During the last months of Emily’s life Austin hesitated to leave Amherst, but he did make it twice to Boston. After he left The Evergreens on 15 December 1885 it occurred to Mabel that she had neglected to orchestrate his farewells to his family. He should be chilling their hearts, not indulging in family rituals: a touch, it may be, a pat on the arm, a wish for his safety, a promise of kindness on his return. In Boston again the following March, six weeks before Emily’s death, Austin received Mabel’s renewed strike at family customs. One such custom was to correspond when Austin and Susan were apart.
‘You will not think it necessary to write [from Boston] to anyone but me in this town? Will you? I meant to have spoken of my hope that you would not . . .’. A day later, Mabel reminds Austin that her directive about farewells ‘holds just as intensely strong about the kind of greeting you get on your return. Please don’t have it . . .’.
As these tentacles reach into The Evergreens, Mabel pictures herself as passive in God’s hands: it’s God who creates their love, she tells Austin. The soar of Mabel’s voice lifts them off the ground. This is the master-chord of her campaign, tuned to her lover’s surrender to the Lord’s will in accord with the prime drama of his milieu.
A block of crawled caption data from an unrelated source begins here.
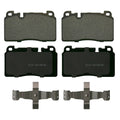 WAGNER BRAKE auto part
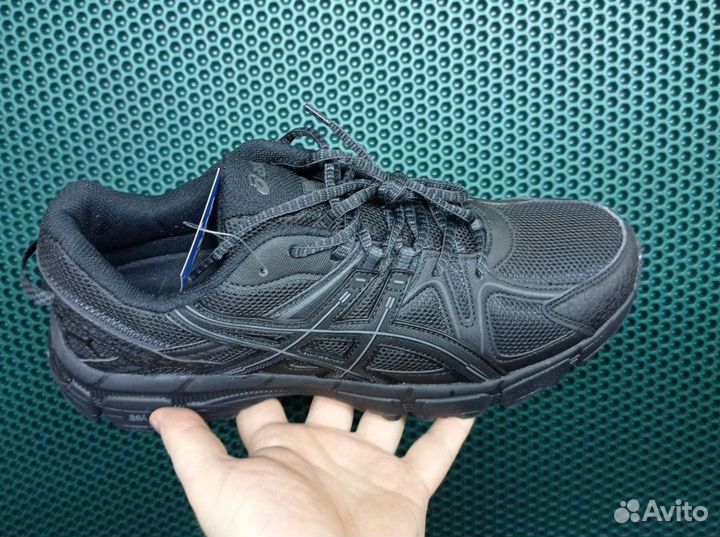 Кроссовки Asics gel kahana 8 великаны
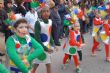 CIENTOS DE PERSONAS SALEN A LA CALLE PARA RECIBIR EL CARNAVAL INFANTIL 2013 QUE HA AMBIENTADO CON RITMO, COLOR, FANTASÍA Y ALEGRÍA LAS CALLES DE LA LOCALIDAD - Foto 76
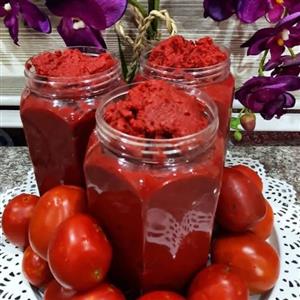 رب گوجهفرنگی  خانگی شمال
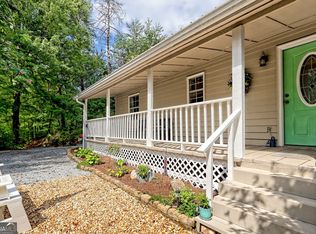 5647 Old 441 S, Tiger, GA 30576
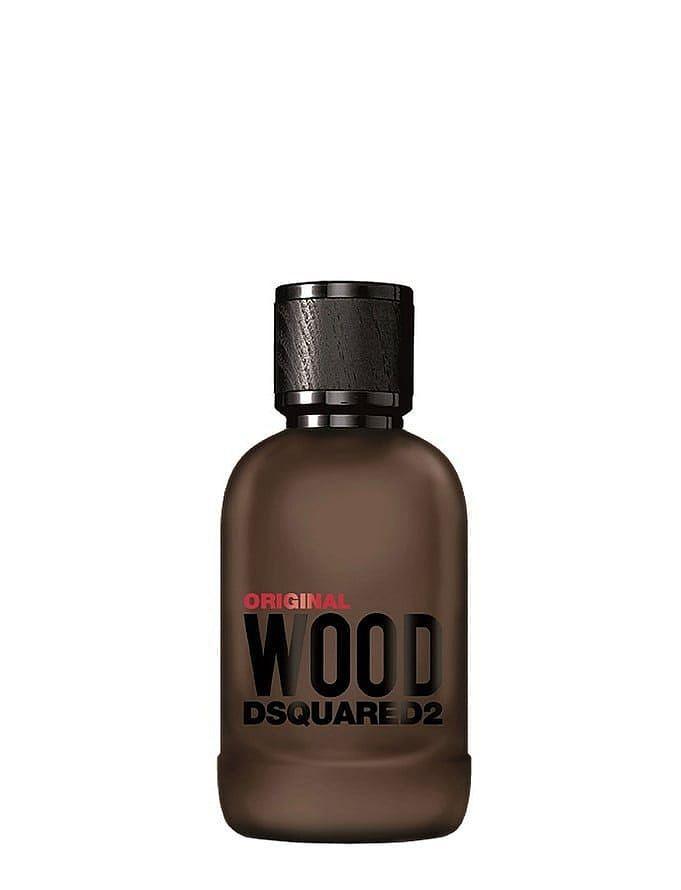 Туалетная вода dsquared 2 original Wood. Распив. Оригинал. - фото 1 - id-p223341632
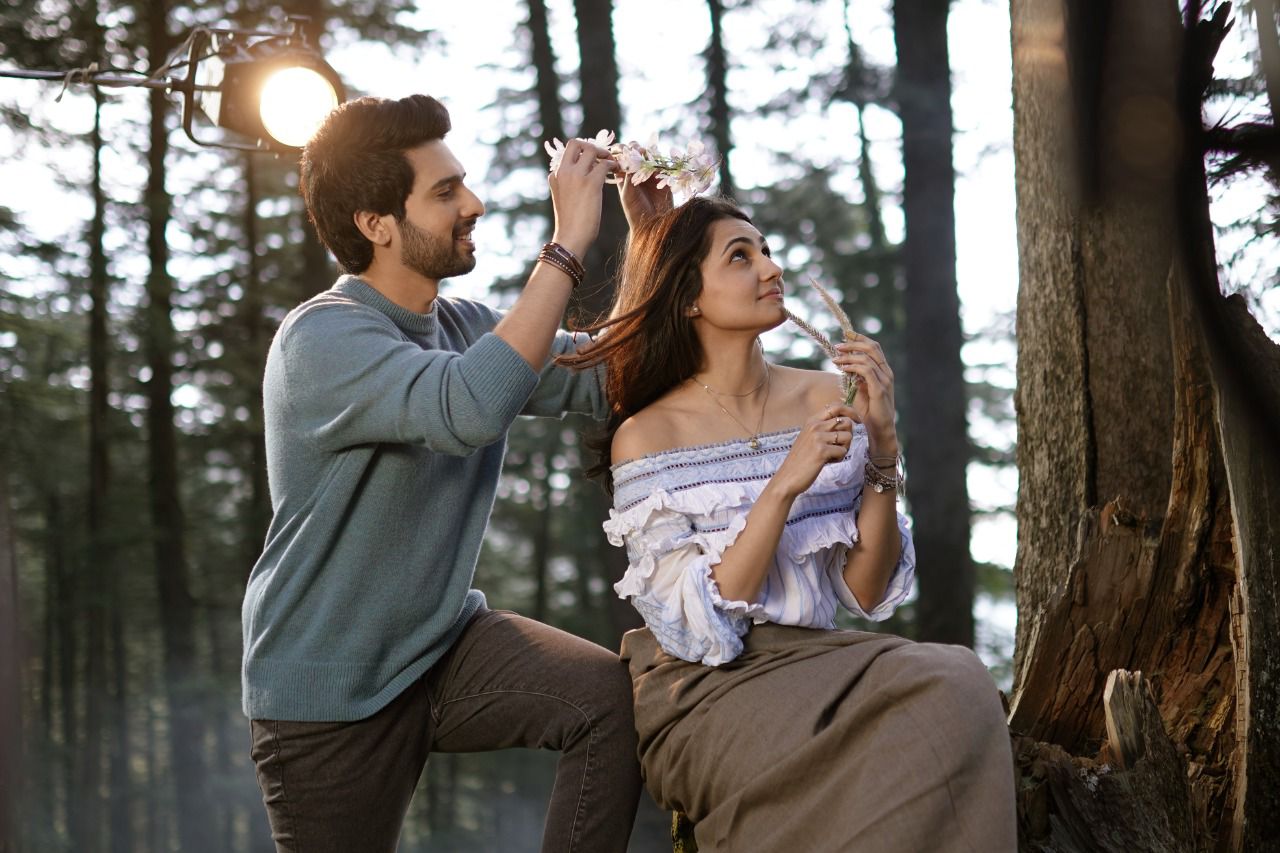 ‘Bas Tujhse Pyaar Ho’ - T-Series & Armaan Malik’s next big collaboration!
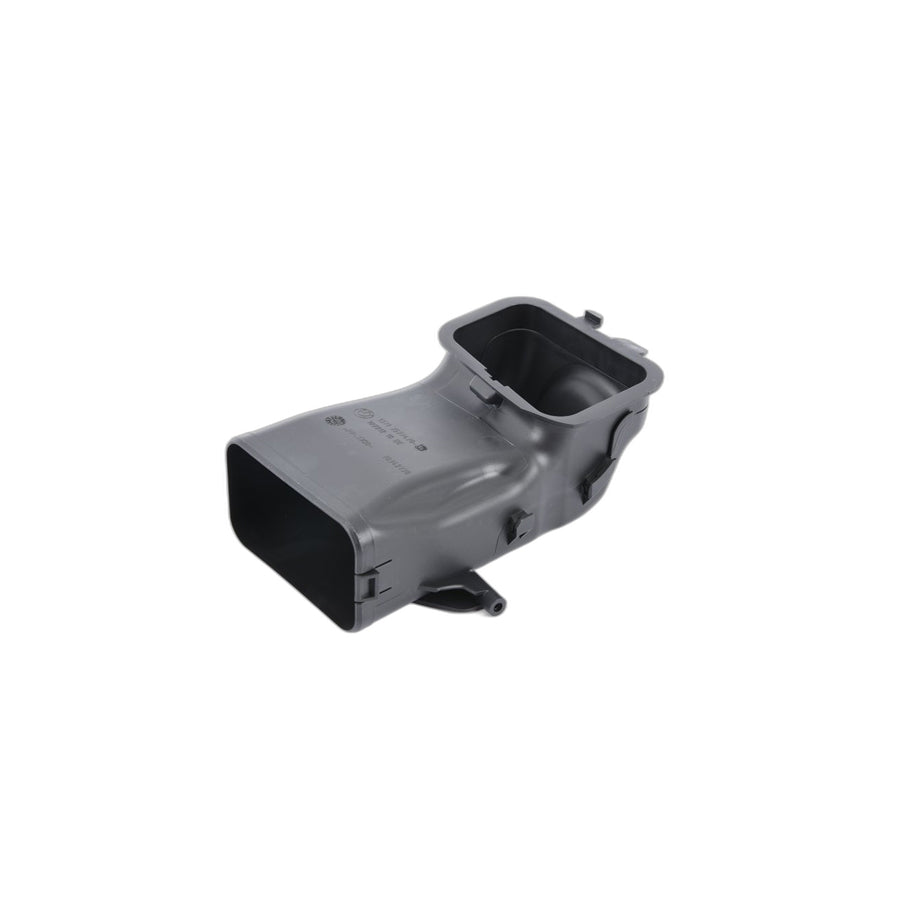 Genuine BMW 13717577470 F12 F07 F03 Air Channel 1-Apr (Inc. 750LiX 4.4, Alpina B7LX & 550iX 4.0) | ML Performance UK Car Parts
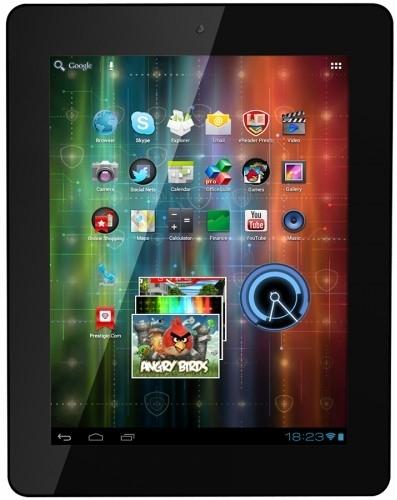 Prestigio MultiPad 2 ULTRA DUO 8.0 Black (PMP7280C_BK_DUO)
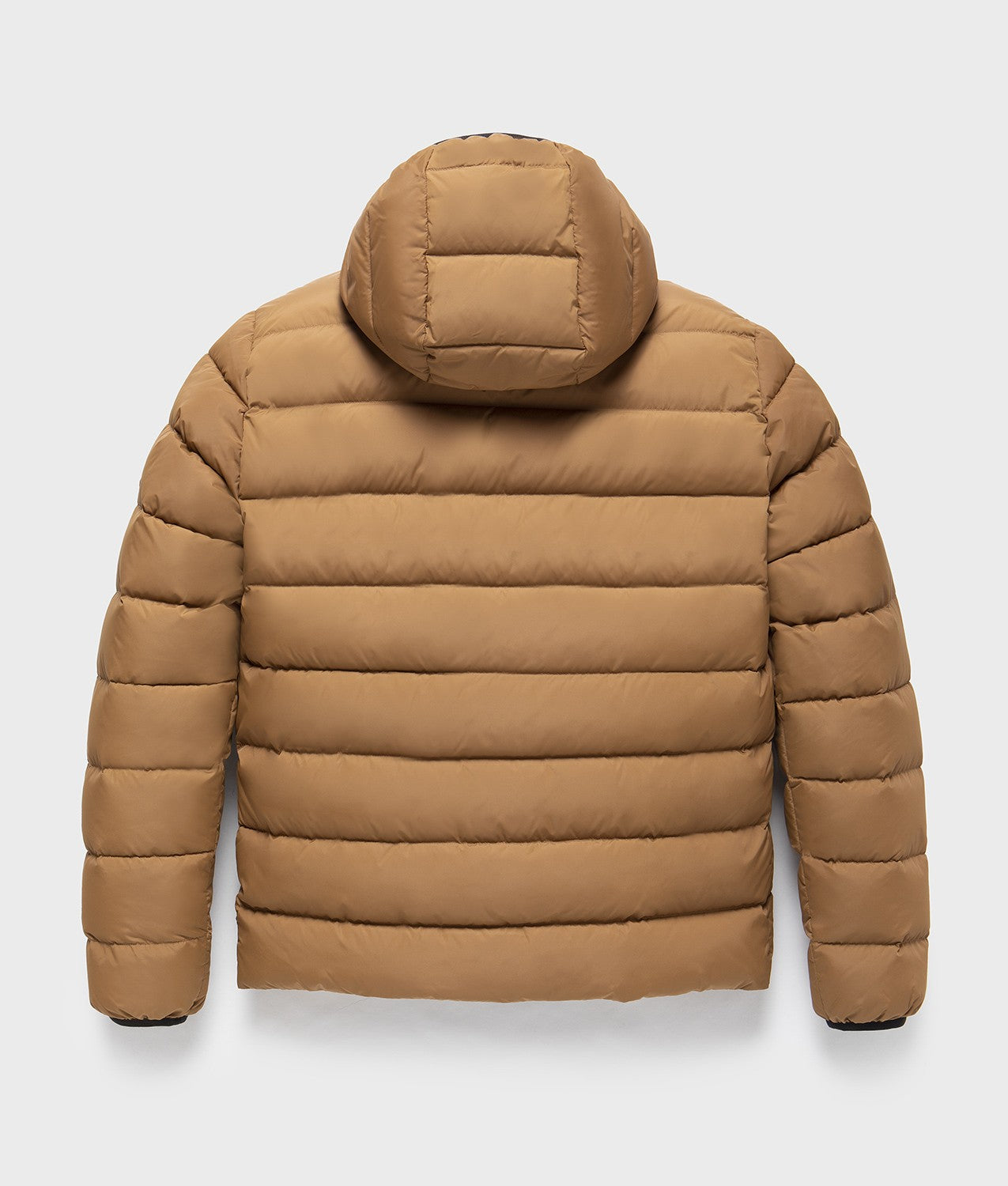 Refrigiwear KEID JACKET nuthatc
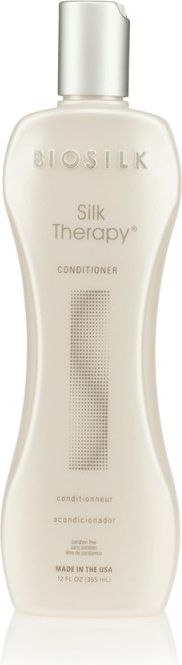 Biosilk Silk Therapy Conditioner odżywka regeneracyjna 355ml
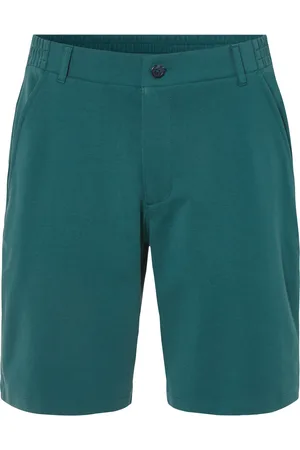 Livergy ® Herren Shorts (Grün, XL (56/58))
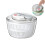 Multi-Use Salad Spinner for Home Kitchen Gadgets 3.8QT 1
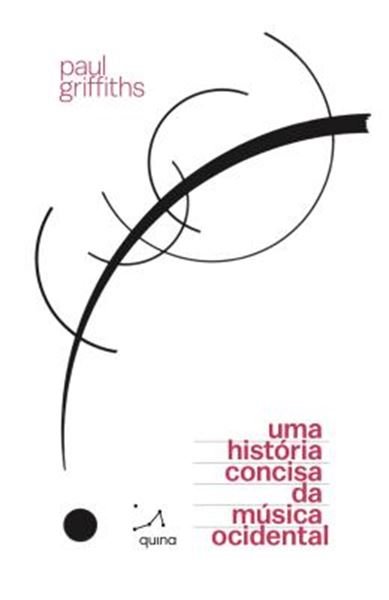 Picture of UMA HISTORIA CONCISA DA MUSICA OCIDENTAL
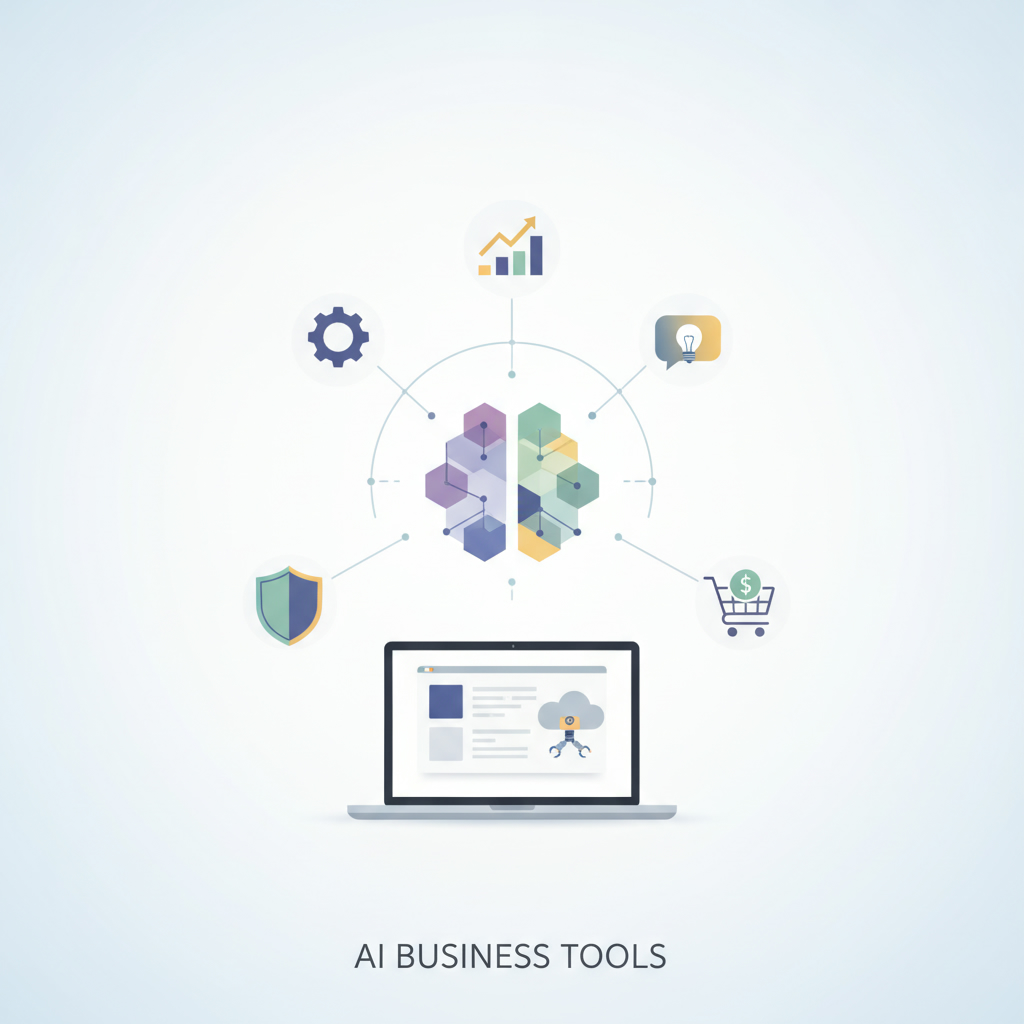 AI business tools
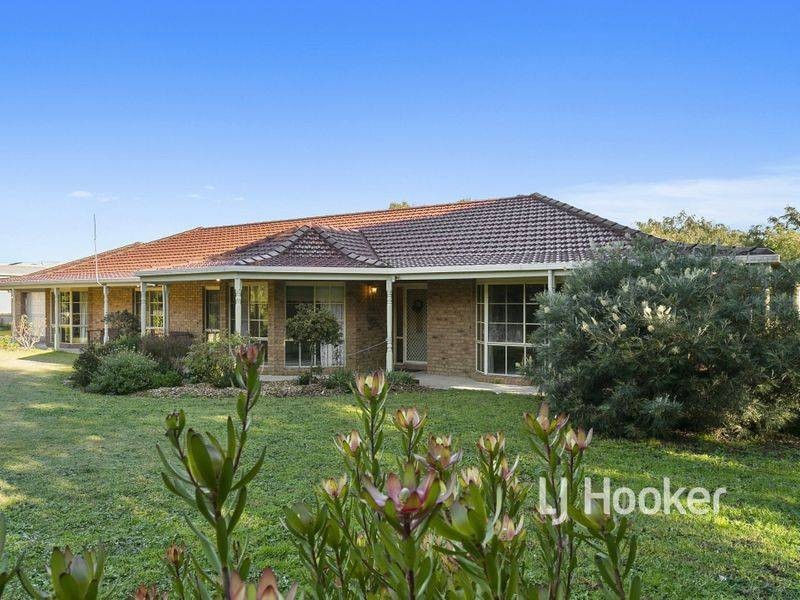 30 Chisholm Road, Wonthaggi VIC 3995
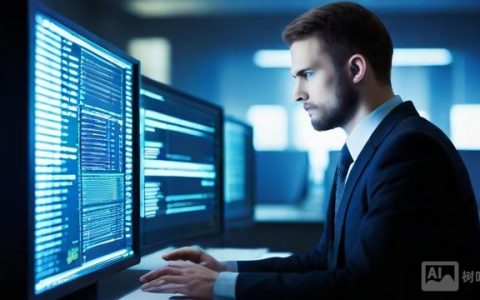如何成为高效的服务器管理员？——深入解读服务器管理员手册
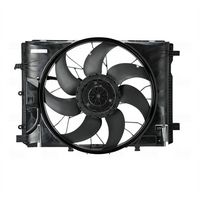 DOGA EME040 - Ventilador, refrigeración del motor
As Mabel returns rave for rave, translating Austin’s passion into her own eloquence, abundant inward fuel steams from ‘that little star of a presentiment which never wholly leaves me’. She splurged her savings on a sealskin cape like Sue’s, which Mabel had long coveted. The slur of blackness forgotten, Mabel’s emergence in the black cape was a token of the identity in which Mabel’s imagination dressed herself.
The black cape means more than fashion. It’s a sign of Mabel’s continued eye to Sue. Closer to hunger than to love, there’s a possessiveness like that of a stalker or obsessive fan, potentially dangerous to its object. Mabel was fixed on the Dickinsons: on the kingly authority of Austin Dickinson, on the genius of the poet and more instinctively on Susan whose brain, enhanced by reading, had fitted her to join this family. The danger to Susan Dickinson was Mabel’s need to be her. It’s more than a simple wish on the part of a mistress to change her status; there’s a compulsion to take on the very being of the person she wants to eliminate. If Mabel’s imitation is more sinister than the shallow narrative of the femme fatale, what narrative does she devise? Her urgings are softer than Lady Macbeth’s, not so forthright, not so commanding: a Lady Macbeth with the passive manner of nineteenth-century womanhood. Her wish at this point is still covert: when, oh when, will Austin remove the obstacle?
This didn’t happen. Nine months later Austin can be found participating contentedly in summer activities with his family. In July 1886, unknown to Mabel, he accompanied Susan, Mattie and Ned on an overnight jaunt to arrange a vacation in Ashfield, Massachusetts, a lovely drive through the Berkshire hills; there was a picnic at Mount Sugarloaf in Sunderland; and Austin invited the same party and Lavinia (recently bereft of Emily) on a long evening drive to Leveritt (where he and Mabel had made love a month earlier). At his wife’s invitation, Austin joined his family twice at Ashfield in August, and over Mabel’s objection he went back a third time to help them home.
He told her bluntly, ‘You’ve made a mistake.’
She grovelled at once. Fearing to lose him, her abjection was overwrought.